GONZALES – The City Council Tuesday night, Oct. 1, approved a $44,000 contract with Mid-Continent Restoration Co., Inc., for the first cleaning of the exterior of the Gonzales Memorial Museum since it was built in the 1930s. The action still needs approval of the Texas Historical Commission.

JoAnn Leifeste spoke before the action at the regular City Council meeting, reading the names of those 18 men who participated in the Battle of Gonzales, the first skirmish in the war of independence from Mexico.

She listed the 18 Gonzales men to first meet advancing Mexican troops who had come to return the small cannon Mexico had first loaned the town on Oct. 2, 1835, many of whom later died in the Alamo. She also named the 32 Texas Rangers who went to the Alamo to fight off Mexican President Antonio Lopez de Santa Anna and his troops the next March. All of them were killed.

The six-pound cannon fired the first shot of the revolution, creating the “Come and Take It” theme being celebrated this weekend in Gonzales.

Leifeste urged the council to honor the 50 men in the two incidents and others who contributed to the city.

“For 76 years, it’s never been cleaned,” she said. “The city has spent $100,000 to get people to come to Gonzales. Don’t let them see a dirty museum.

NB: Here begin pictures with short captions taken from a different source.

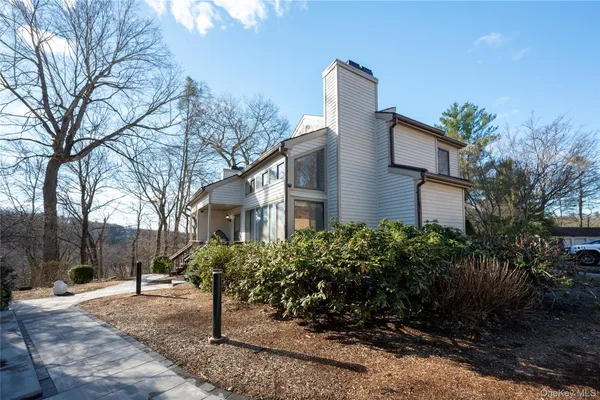 $3,900 | 8 Fawn Ridge, Unit 8, Millwood, NY 10546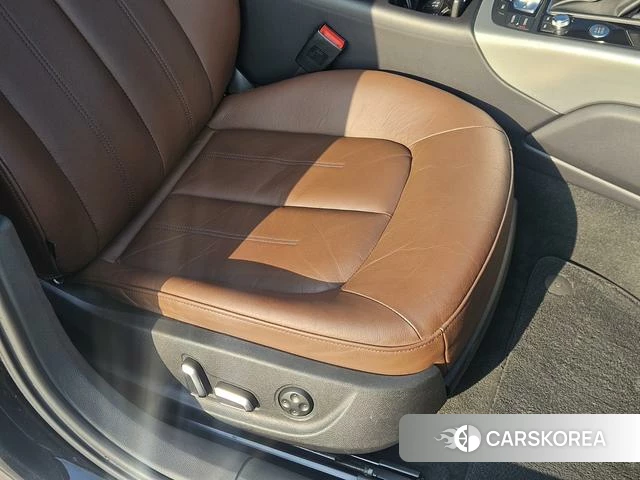 Audi A6L id 4212437 из Китая 11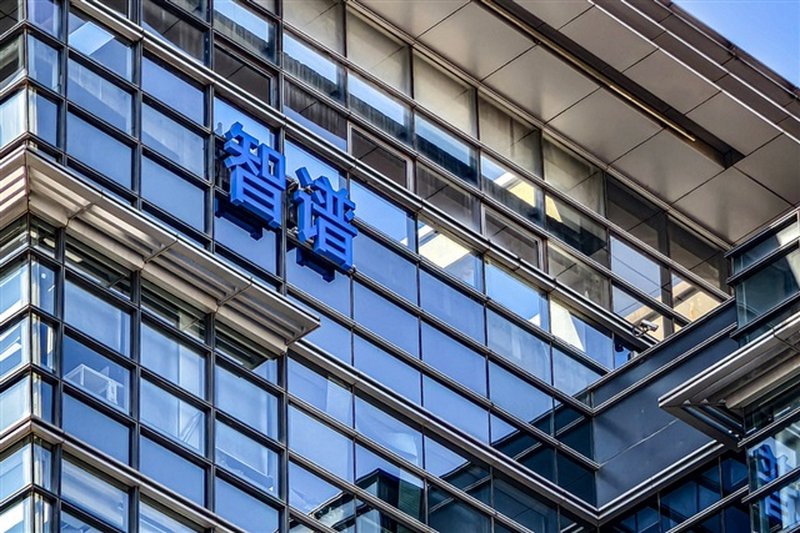Z.ai, rally da mille miliardi di HK$ e il miraggio dell'AI cinese: vero salto di modello?
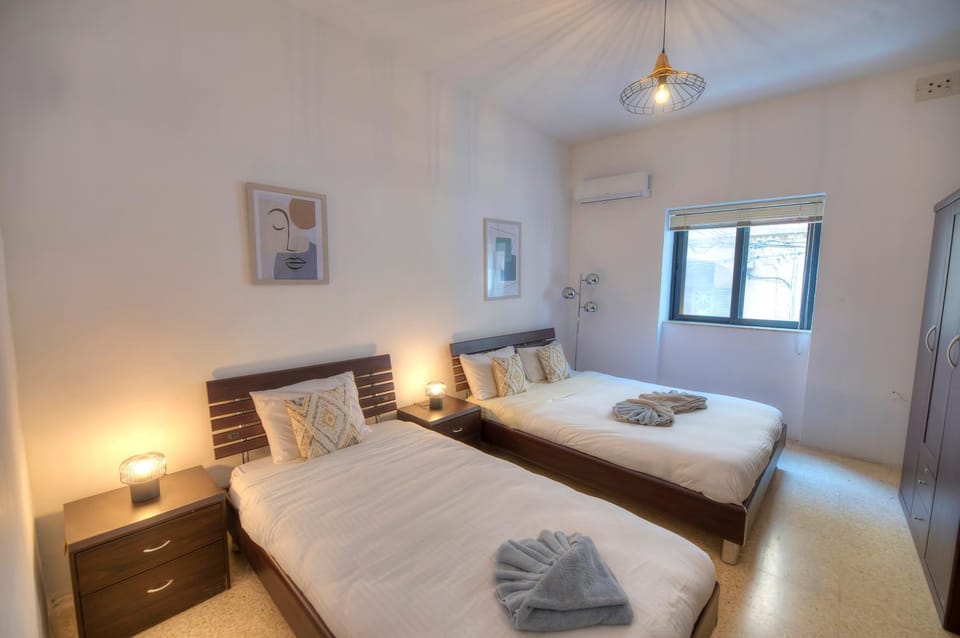 Enormous 3bedrooms seafront with balcony PDEH1-1 Apartment in Sliema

“You’ve got the money and Mid-Continent is just down the street,” she said. “You may never get this opportunity again.”

She urged the council not to let the 50 heroes down, urging it to commit to cleaning every 10 years.

Museum Director Marlaina Habman told the Inquirer the cleaning will not bring the exterior to the original cream color but will come much closer. Much of the surface is stained from rain and other elements over the many years.

Leifeste said she gives God credit for pulling all of the things together that led to the museum being cleaned when it hasn’t been cleaned since it was dedicated in 1937. Councilman Tommy Schurig “proudly” moved approval of the contract to Mid-Continent, and council agreed it should be cleaned every six or seven years, not waiting 10 years for the next one. The motion carried unanimously.

City Manager Allen Barnes noted there is $25,000 in the museum budget and $35,000 in the tourism budget. He said the council likes to have multiple quotes but it was low bidder on a job at the Methodist church and the crews are in town and won’t have to charge mobilization costs.

Barnes said he thought earlier it would take $200,000 to $300,000 to do the work.

“You could have knocked me over with a feather,” he said. Barnes said some flat concrete work also is needed at the museum and that should be accomplished before the cleaning. The budget shows a “huge” revenue increase in Hotel Occupancy Tax of some $160,000 over what was expected and, with the flat work, $66,000 to 68,000 for both would be “money well spent on the museum.”

He said architect Tim Gescheidle, who was present at a meeting where the issue was discussed, commented he saw MC workers “brushing” an item and they were doing it correctly. There is a right way and a wrong way to clean historical artifacts, he said.

Barnes said they clearly know what they are doing.

Leifeste also urged approval of a contract to seek Texas Department of Agriculture funding for downtown street and sidewalk repair, noting that some sidewalks in the area are not compliant with the Americas for Disabilities Act for wheelchair access.

The resolution declares that “improvements of the blighted conditions found to exist within the Main Street Target Area” comply with the national program objectives of the Texas Capital Fund Main Street Program.

The specific work to be funded in this case is drainage, curb and gutter, sidewalk and ADA accessibility at St. Joseph and St. Francis Streets.

In a related action, council agreed to spend up to $650,000 from the Capital Improvements fund for resurfacing of St. Vincent, St. Paul, St. Andrew and Church Streets.

Lone Star Paving got a $427,235 contract for overlays on St. Vincent and Church Streets and H&C Construction got a $197,765 contract for St. Paul and St. Andrew. There is an additional $25,000 in that budget for engineering services.